Eating With Great Love | Ron Jackson
The Fellowship of the Believers
42 They devoted themselves to the apostles’ teaching and to fellowship, to the breaking of bread and to prayer. 43 Everyone was filled with awe at the many wonders and signs performed by the apostles. 44 All the believers were together and had everything in common. 45 They sold property and possessions to give to anyone who had need. 46 Every day they continued to meet together in the temple courts. They broke bread in their homes and ate together with glad and sincere hearts, 47 praising God and enjoying the favor of all the people. And the Lord added to their number daily those who were being saved.
Dare to do small things with great love
Mother Teresa once said, ‘Most people cannot dare to do great things but we can all dare to do small things with great love.’
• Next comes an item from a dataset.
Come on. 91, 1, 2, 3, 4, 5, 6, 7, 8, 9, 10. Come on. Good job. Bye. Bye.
Inviting someone to one’s home for a meal or even a cup of tea might seem a very small thing to do, but done with great love God can use it in many ways.
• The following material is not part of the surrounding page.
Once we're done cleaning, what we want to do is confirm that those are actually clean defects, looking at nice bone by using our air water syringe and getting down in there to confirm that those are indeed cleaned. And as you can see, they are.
The followers of Jesus in those early years met every day for meals together after worshipping God. They also learnt about Jesus, and what God wanted to do through them for others. They shared Christ’s body and blood together, learnt to pray and hear God’s voice, and basically enjoyed being together.
This early church fellowship is a pattern for the ‘Little Churches’ in our parish which are based on Story, Prayer, Acts of service, Celebration and Eating together (making SPACE).
In the Gospels, meals clearly play an important part – whether at Zacchaeus’ home, or Mary and Martha’s, or the Last Supper. Jewish table customs excluded many people, but Jesus broke through the social rules and conventions, reaching out to ‘sinners’, non-Jews, and treating women as equals. His readiness to eat with anyone instilled in his followers a heart attitude enabling them to reach across social barriers and take the message to other cultures.
There is something potentially radical about sharing food – even a simple tea and cake. If done in love, God can transform a simple act of hospitality into a far-reaching blessing.